Deli Rüzgâr!
Hani öyle esip geçtiğini sanıyorsun ya, işte bu büyük bir yanılgı…
Geçmiyor!
‘En tanıdık ben gibisin’ ona bakınca kendinden bir şeyler buluyor olmana şaşırmıyorum. Hayran olunası benzerlik beni değil belki ama seni ürkütüyor, uzaktan izliyorsun, sessiz, zararsız, varlığını umursamaz hallerini.
Avuçlarına dökülen yaşlarla irkiliyor bedenin, sonra bir terennüm ‘ya her şeyin olayım ya da hiçbir şeyin.’ Belirsizlik, yakıcı bir akşam güneşi gibi kavurgan.
Söylesene deli rüzgâr, kimsin sen? Bu hırs, bu girdap neden, yazmaktan sıkıldığında “Yekten bahanelere sığınarak, hoyratça savurup attığın, kağıtlar değil ruhumdu bil istedim” demek geliyor içinden, sonra derin bir nefes çekip bir kaç kelime kurtarmış olmanın zaferiyle “Neyse ki buruşturup yakmadı” diyerek yudumluyorsun çayını. Boş vermiş bir tavır yurt kuruyor çehrene, ruh yorgunluğu inan, bedenle zerre bağı yok.
Sahi o kim?
O’ diye başlayan her cümlen yarım, tarifine tekrar gerekiyor.

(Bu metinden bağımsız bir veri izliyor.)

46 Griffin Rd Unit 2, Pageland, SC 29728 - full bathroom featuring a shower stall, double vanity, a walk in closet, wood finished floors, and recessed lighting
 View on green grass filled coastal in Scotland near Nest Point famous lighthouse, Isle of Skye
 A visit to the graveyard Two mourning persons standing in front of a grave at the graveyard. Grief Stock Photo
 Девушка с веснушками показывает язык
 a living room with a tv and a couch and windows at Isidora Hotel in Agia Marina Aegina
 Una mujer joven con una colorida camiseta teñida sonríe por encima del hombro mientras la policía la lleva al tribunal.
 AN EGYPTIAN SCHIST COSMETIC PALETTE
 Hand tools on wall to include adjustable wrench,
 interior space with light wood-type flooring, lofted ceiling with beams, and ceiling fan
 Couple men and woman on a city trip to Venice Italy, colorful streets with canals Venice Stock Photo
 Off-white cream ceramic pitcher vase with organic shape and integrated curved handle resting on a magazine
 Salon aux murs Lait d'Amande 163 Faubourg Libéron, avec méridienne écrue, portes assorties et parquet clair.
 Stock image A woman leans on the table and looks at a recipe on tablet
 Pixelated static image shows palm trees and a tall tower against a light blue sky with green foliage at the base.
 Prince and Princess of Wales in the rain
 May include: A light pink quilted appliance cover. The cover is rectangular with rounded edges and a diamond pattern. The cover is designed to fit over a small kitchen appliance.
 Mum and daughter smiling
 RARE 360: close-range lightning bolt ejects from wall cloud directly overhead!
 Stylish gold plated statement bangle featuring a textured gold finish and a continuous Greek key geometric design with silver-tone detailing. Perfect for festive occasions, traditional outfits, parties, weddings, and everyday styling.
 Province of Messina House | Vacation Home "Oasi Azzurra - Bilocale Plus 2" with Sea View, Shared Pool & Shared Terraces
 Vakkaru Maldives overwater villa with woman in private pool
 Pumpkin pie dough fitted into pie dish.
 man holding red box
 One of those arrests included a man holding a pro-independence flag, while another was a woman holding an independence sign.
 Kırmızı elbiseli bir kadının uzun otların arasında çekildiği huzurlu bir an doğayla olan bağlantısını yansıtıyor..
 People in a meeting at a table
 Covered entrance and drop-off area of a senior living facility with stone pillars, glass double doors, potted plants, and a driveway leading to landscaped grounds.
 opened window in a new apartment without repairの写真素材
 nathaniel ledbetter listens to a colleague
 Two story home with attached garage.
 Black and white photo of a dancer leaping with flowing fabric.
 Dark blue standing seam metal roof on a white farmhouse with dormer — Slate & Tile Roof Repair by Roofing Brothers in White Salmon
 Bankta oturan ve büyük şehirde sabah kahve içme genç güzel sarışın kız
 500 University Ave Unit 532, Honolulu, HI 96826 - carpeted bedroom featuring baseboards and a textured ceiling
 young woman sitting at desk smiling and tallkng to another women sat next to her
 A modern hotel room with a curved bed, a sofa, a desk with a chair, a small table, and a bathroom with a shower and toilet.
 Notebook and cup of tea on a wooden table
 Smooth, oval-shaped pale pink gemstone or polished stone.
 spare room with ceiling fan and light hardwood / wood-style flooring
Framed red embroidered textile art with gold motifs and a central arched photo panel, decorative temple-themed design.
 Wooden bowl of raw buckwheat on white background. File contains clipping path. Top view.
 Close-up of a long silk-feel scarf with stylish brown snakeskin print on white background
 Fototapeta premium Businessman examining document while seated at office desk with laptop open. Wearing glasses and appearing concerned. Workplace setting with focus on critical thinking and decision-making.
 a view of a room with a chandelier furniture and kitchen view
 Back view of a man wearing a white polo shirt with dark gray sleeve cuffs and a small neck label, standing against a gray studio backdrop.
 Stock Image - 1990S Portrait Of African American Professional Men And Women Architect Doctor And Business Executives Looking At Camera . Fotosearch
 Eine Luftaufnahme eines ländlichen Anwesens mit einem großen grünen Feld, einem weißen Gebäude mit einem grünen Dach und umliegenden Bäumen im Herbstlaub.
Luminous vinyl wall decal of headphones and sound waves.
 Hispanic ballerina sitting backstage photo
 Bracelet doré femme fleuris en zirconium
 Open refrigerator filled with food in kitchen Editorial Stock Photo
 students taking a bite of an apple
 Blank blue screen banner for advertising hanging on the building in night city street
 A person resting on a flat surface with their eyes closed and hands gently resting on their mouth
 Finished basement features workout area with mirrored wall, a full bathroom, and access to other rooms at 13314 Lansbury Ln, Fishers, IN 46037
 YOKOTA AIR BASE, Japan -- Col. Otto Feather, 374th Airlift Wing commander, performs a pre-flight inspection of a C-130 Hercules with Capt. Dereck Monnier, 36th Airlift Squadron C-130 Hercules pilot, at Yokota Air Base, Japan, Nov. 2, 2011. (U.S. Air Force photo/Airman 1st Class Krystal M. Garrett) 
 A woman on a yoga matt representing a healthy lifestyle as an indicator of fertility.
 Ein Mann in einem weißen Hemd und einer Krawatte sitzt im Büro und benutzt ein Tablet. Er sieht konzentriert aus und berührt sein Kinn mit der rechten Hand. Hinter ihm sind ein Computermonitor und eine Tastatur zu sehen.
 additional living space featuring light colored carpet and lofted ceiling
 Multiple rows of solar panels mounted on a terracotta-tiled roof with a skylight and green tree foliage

Ah deli rüzgâr, tekrarlanmış hangi tarif anlatabilirdi seni. Sayende, bazılarının izlemekten hoşlandığı o görkemli ufuk, aynı anda bir diğerinin kasırgası olabiliyor.
Zaman zaman mutsuz olabilirsin lakin umutsuz olamazsın çünkü hüzünlü olduğunda gökyüzüne bakan, kayboldum yönümü bulamıyorum dediğinde yolunu aydınlatan muhteşem bir rehbere sahipsin.
Şimdi diyorsun ki;
Ona dair kurulan her cümle noktasız kaldı. Yok, yokluğunda bile var.
Hayat denen yaşantının hangi demindesin.
Son mu?
Yoksa bir başlangıcın eşiğinde takılıp kalmanın endişesi mi. Korku ve kaygıya esir edilecek bir emanetin bırakıldığını sanıyorsan yanılıyorsun, tökezlediğin an kalkmayı da bilmelisin.
Karanlık çöktü bak, bugünde küstü güneş. Neyse ki yıldızlar var, hedefe ulaşmanın hayali kadar olmasa da, ışıtıyor yalnızlığını, sonra şöyle diyorsun nasılsa O var “Ol” diyen var, yalnız Ona ve kendine inan.